▶ WORK ITEM: Copy only the lines from the one containing "Two tone kitchen" through the final line of the records below, exactly as written, with no pictures.

________________________________________

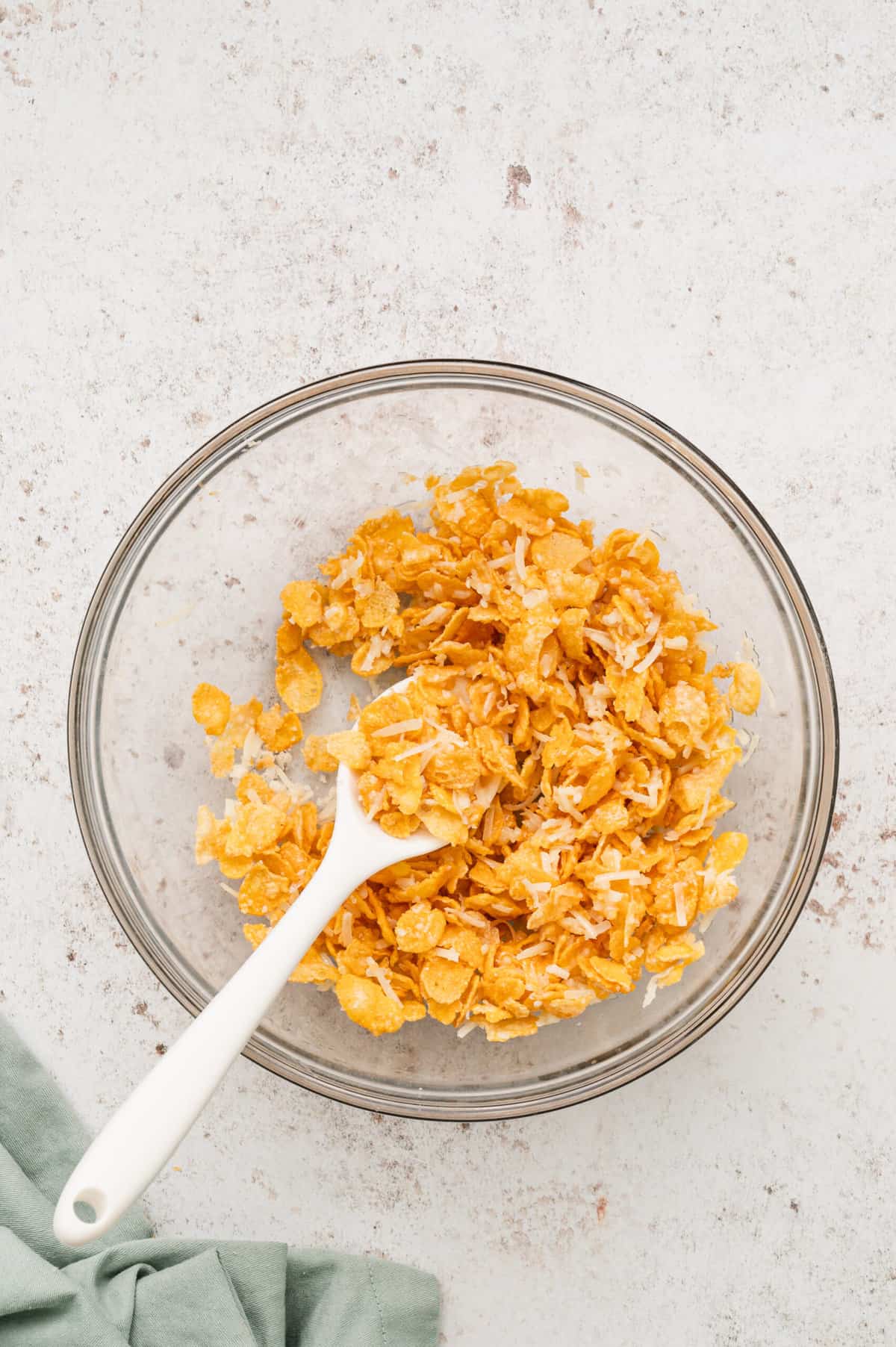 Combined cornflakes, melted butter, and Parmesan cheese in glass mixing for Funeral Potatoes recipe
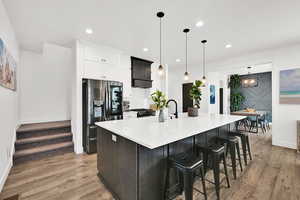 Two tone kitchen with a spacious island, stainless steel appliances, a kitchen breakfast bar, dual tone cabinetry, and light wood-type flooring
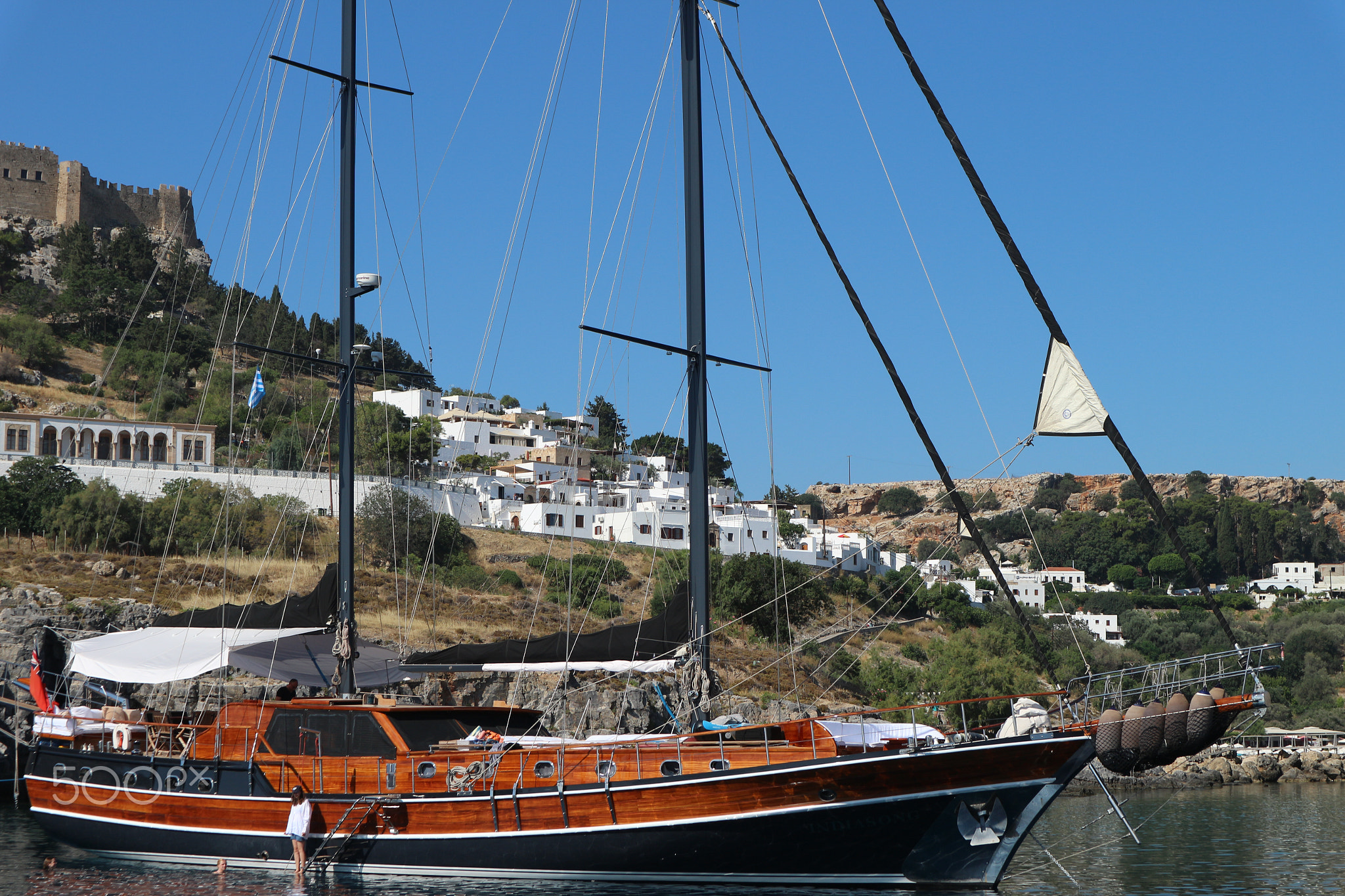 Brown and Black Sailboat Docked on Greeny Blue Ocean 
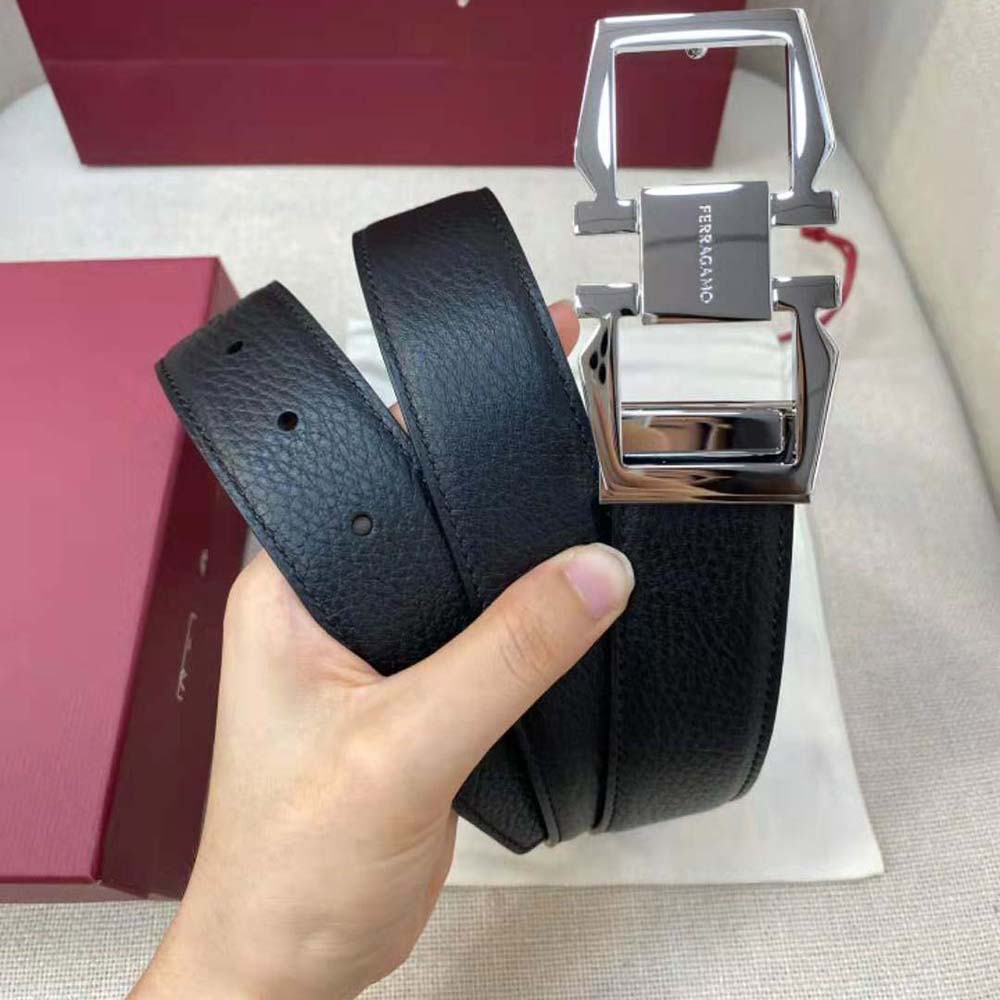 Close-up of polished silver Gancini hardware on Salvatore Ferragamo Men Reversible and Adjustable Gancini Belt-Silver
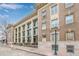 Stately building with neoclassical architecture and grand windows, offering a blend of historic charm and modern appeal at 1210 E Colfax Ave # 301, Denver, CO 80218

________________________________________

▶ SOLVED PROBLEM:
 Two tone kitchen with a spacious island, stainless steel appliances, a kitchen breakfast bar, dual tone cabinetry, and light wood-type flooring
 Brown and Black Sailboat Docked on Greeny Blue Ocean 
 Close-up of polished silver Gancini hardware on Salvatore Ferragamo Men Reversible and Adjustable Gancini Belt-Silver
 Stately building with neoclassical architecture and grand windows, offering a blend of historic charm and modern appeal at 1210 E Colfax Ave # 301, Denver, CO 80218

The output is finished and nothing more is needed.